- **Aim of the exercise**
In your copy of the listing below, reproduce each word exactly and include no pictures.

- **Data below**
Content starts
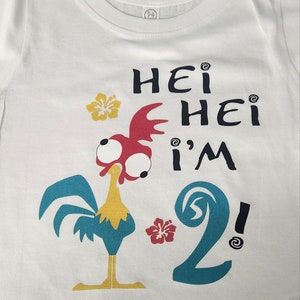 May include: White t-shirt with a cartoon rooster and the text "Hei Hei I'm 2!" printed on it. The rooster is red, yellow, and blue. The number 2 is blue and has a wave design. There are two yellow flowers on the shirt.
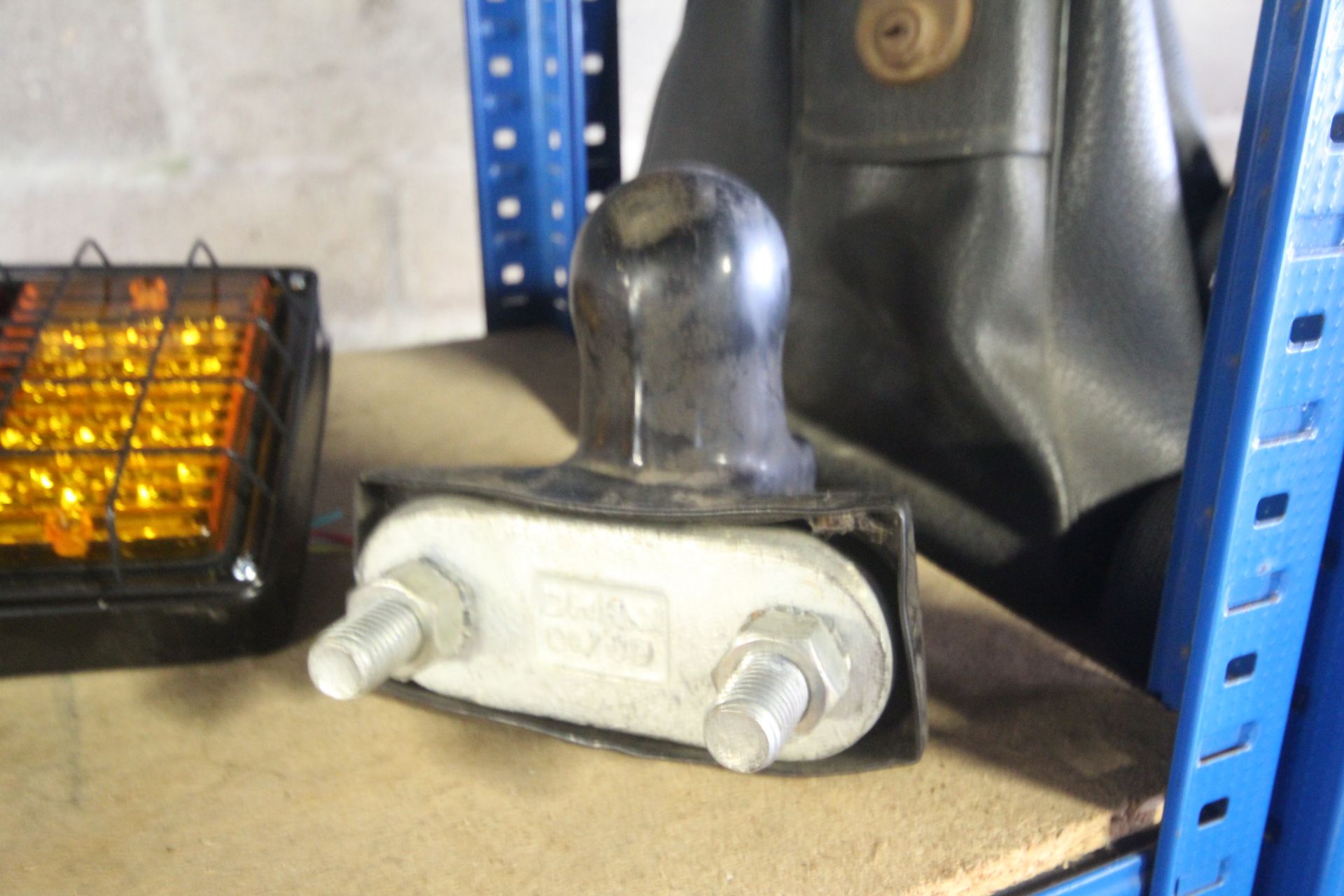 A tow bar ball coupling with rubber cover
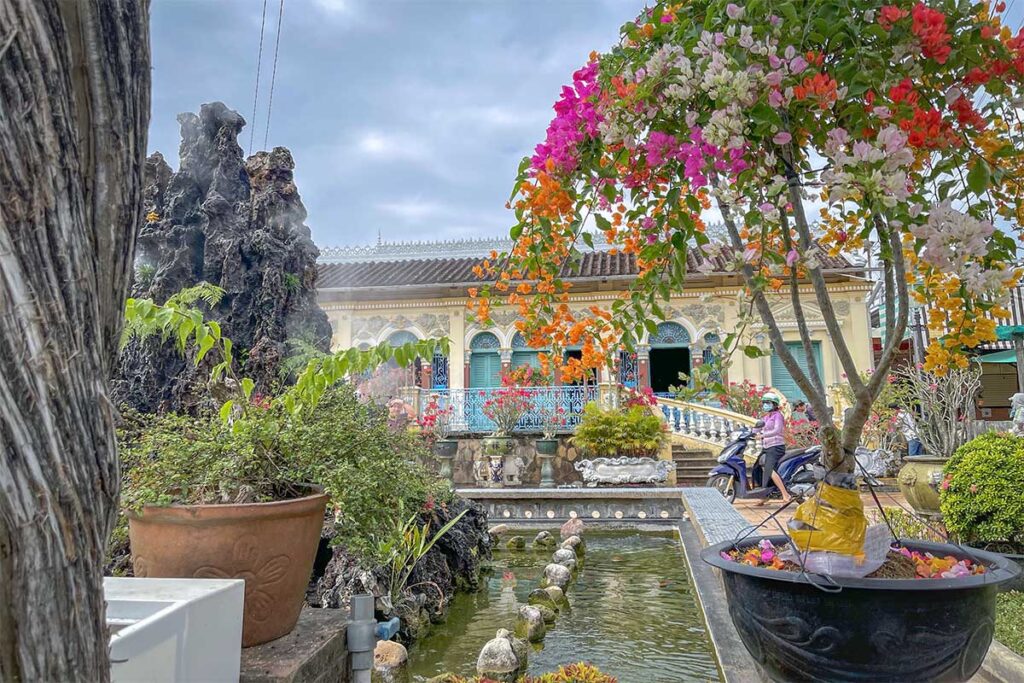 Garden pond and bonsai trees in front of Binh Thuy Ancient House with bougainvillea in bloom.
Content ends
- **Output for this task**
 May include: White t-shirt with a cartoon rooster and the text "Hei Hei I'm 2!" printed on it. The rooster is red, yellow, and blue. The number 2 is blue and has a wave design. There are two yellow flowers on the shirt.
 A tow bar ball coupling with rubber cover
 Garden pond and bonsai trees in front of Binh Thuy Ancient House with bougainvillea in bloom.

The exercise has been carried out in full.